DESCRIPTION OF THE TASK: Print the whole listing again exactly, keeping no pictures in it.

ENTRIES PROVIDED:

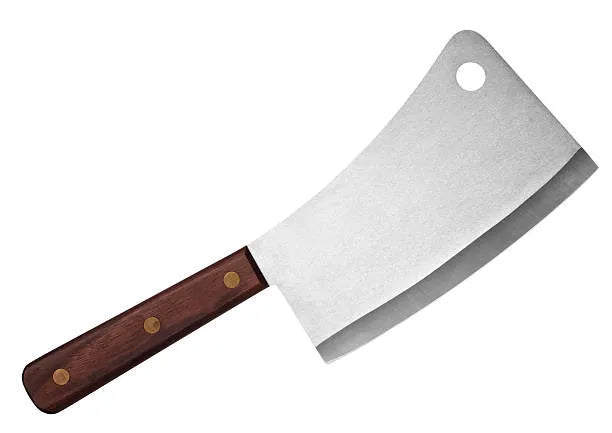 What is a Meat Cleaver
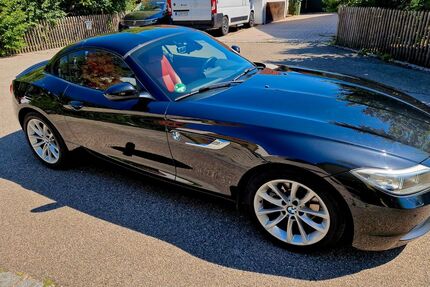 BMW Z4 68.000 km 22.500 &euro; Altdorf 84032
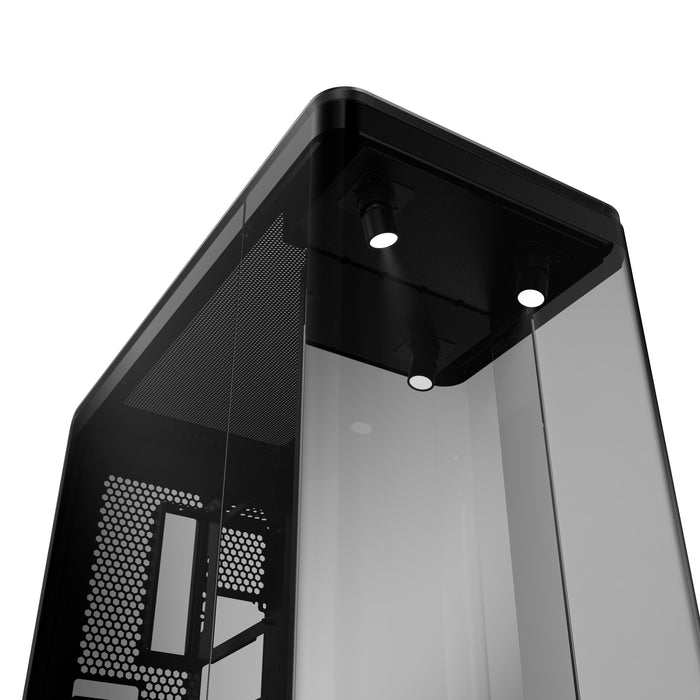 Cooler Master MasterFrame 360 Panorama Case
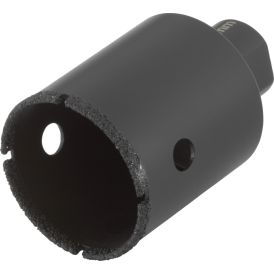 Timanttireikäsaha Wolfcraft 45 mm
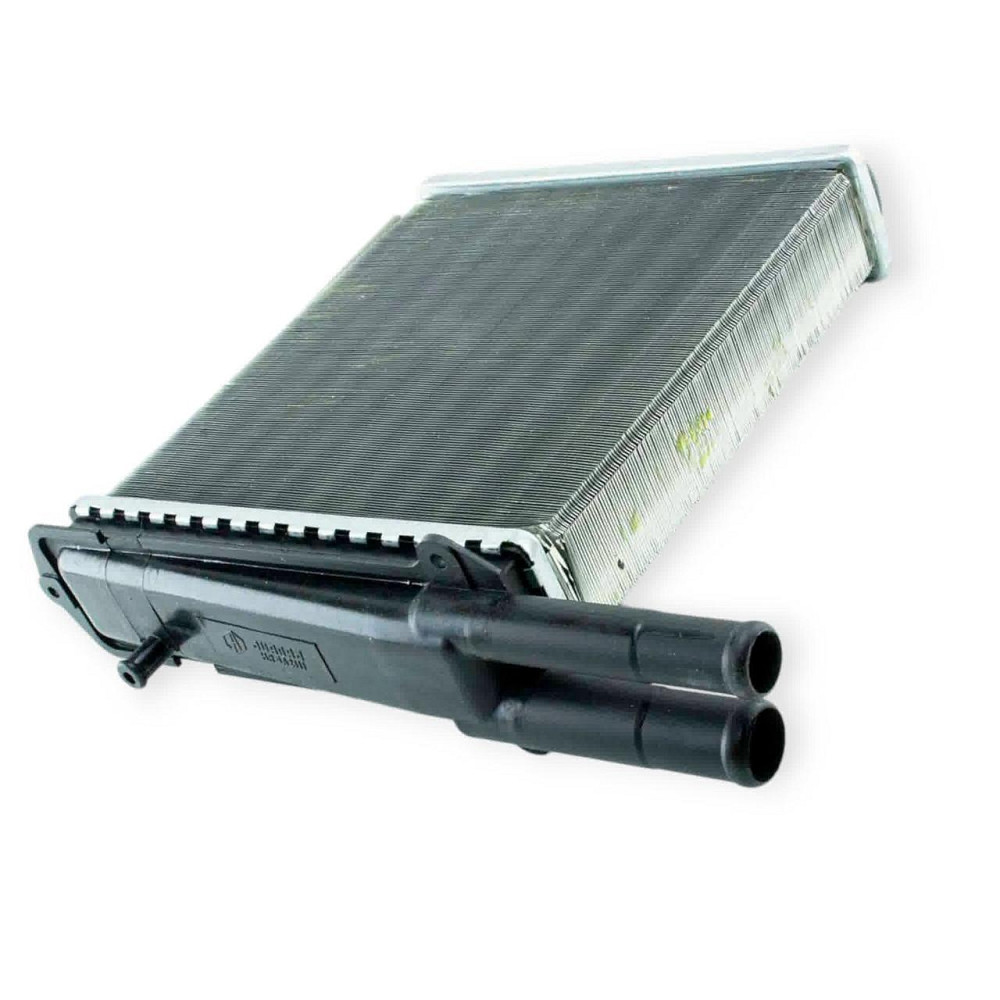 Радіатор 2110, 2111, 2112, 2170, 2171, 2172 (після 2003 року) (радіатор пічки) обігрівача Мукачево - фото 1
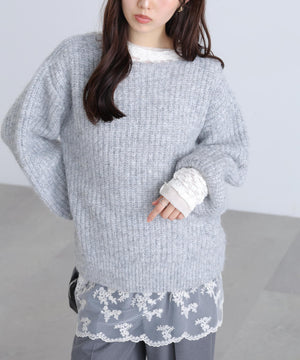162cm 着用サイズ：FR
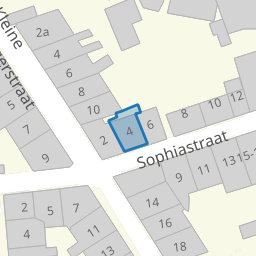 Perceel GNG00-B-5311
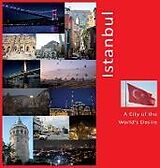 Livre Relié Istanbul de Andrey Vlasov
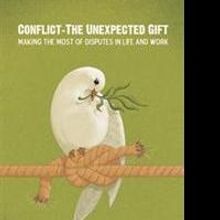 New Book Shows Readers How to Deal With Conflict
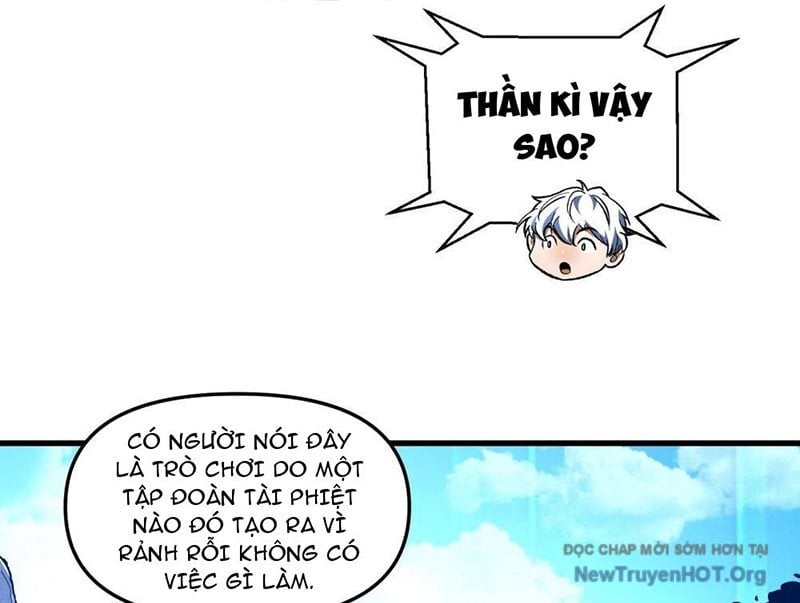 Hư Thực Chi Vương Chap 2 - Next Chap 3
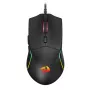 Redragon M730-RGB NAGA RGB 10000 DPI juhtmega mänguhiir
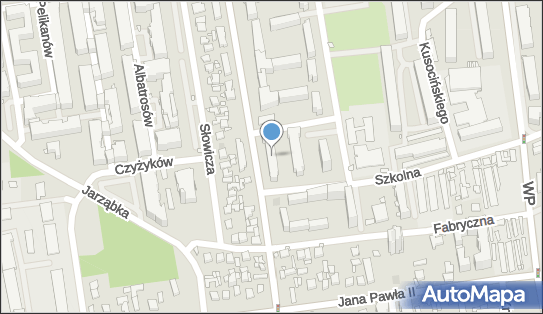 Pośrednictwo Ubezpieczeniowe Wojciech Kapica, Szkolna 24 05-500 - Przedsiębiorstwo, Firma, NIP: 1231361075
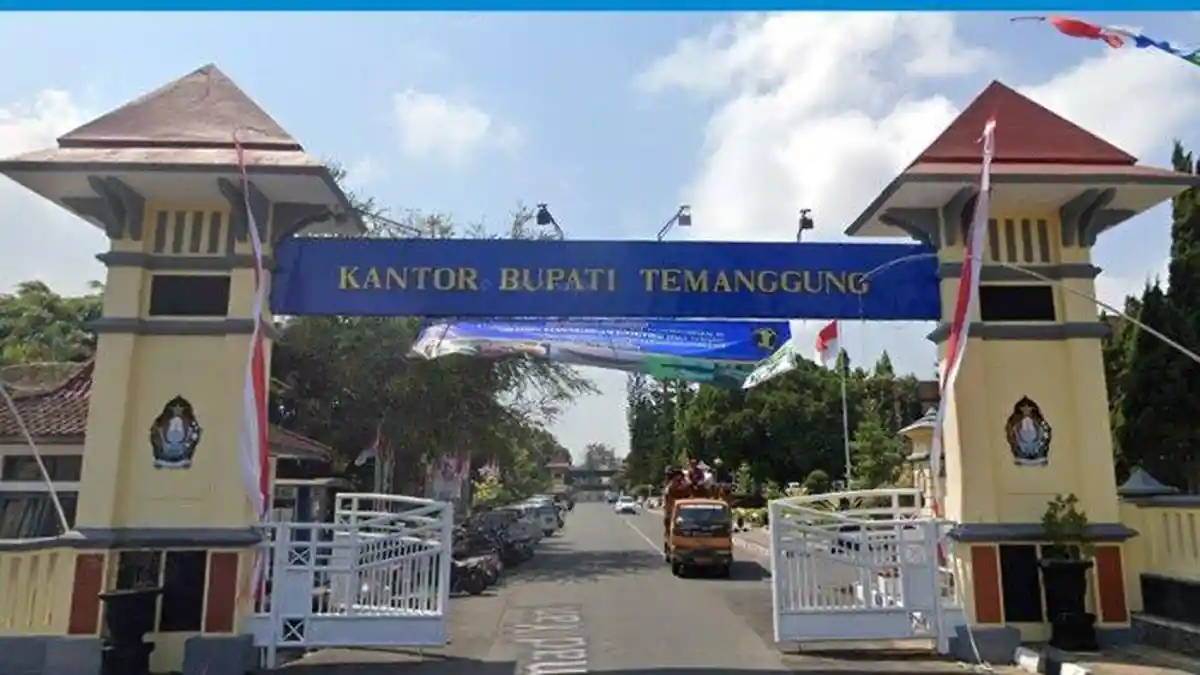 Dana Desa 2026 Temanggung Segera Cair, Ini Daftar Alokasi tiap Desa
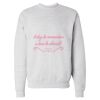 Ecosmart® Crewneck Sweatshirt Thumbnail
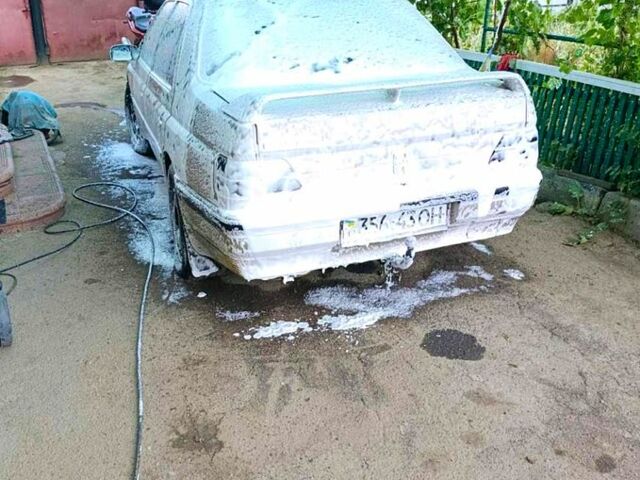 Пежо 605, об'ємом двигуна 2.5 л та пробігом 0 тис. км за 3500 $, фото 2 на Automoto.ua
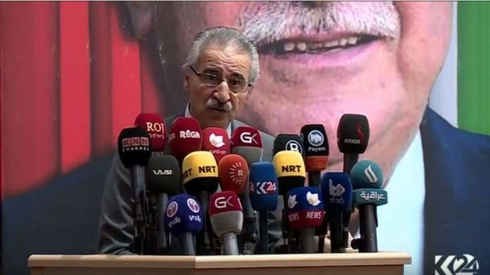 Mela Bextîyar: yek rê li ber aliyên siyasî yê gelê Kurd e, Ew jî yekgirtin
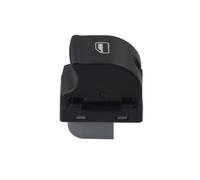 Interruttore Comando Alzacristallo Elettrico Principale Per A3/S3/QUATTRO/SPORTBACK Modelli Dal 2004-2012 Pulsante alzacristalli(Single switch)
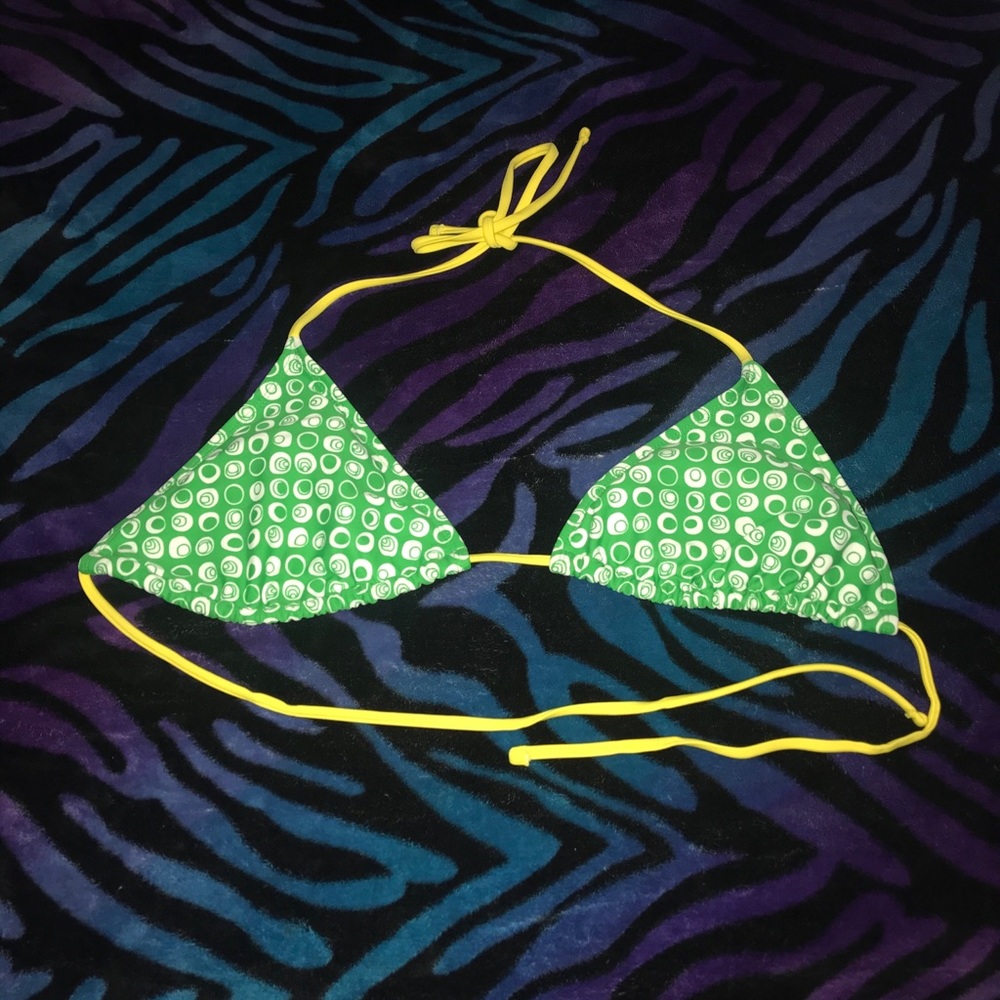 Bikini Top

OUTPUT FOR THIS EXERCISE:
 What is a Meat Cleaver
 BMW Z4 68.000 km 22.500 &euro; Altdorf 84032
 Cooler Master MasterFrame 360 Panorama Case
 Timanttireikäsaha Wolfcraft 45 mm
 Радіатор 2110, 2111, 2112, 2170, 2171, 2172 (після 2003 року) (радіатор пічки) обігрівача Мукачево - фото 1
162cm 着用サイズ：FR
 Perceel GNG00-B-5311
 Livre Relié Istanbul de Andrey Vlasov
 New Book Shows Readers How to Deal With Conflict
 Hư Thực Chi Vương Chap 2 - Next Chap 3
 Redragon M730-RGB NAGA RGB 10000 DPI juhtmega mänguhiir
 Pośrednictwo Ubezpieczeniowe Wojciech Kapica, Szkolna 24 05-500 - Przedsiębiorstwo, Firma, NIP: 1231361075
 Dana Desa 2026 Temanggung Segera Cair, Ini Daftar Alokasi tiap Desa
 Ecosmart® Crewneck Sweatshirt Thumbnail
 Пежо 605, об'ємом двигуна 2.5 л та пробігом 0 тис. км за 3500 $, фото 2 на Automoto.ua
 Mela Bextîyar: yek rê li ber aliyên siyasî yê gelê Kurd e, Ew jî yekgirtin
 Interruttore Comando Alzacristallo Elettrico Principale Per A3/S3/QUATTRO/SPORTBACK Modelli Dal 2004-2012 Pulsante alzacristalli(Single switch)
 Bikini Top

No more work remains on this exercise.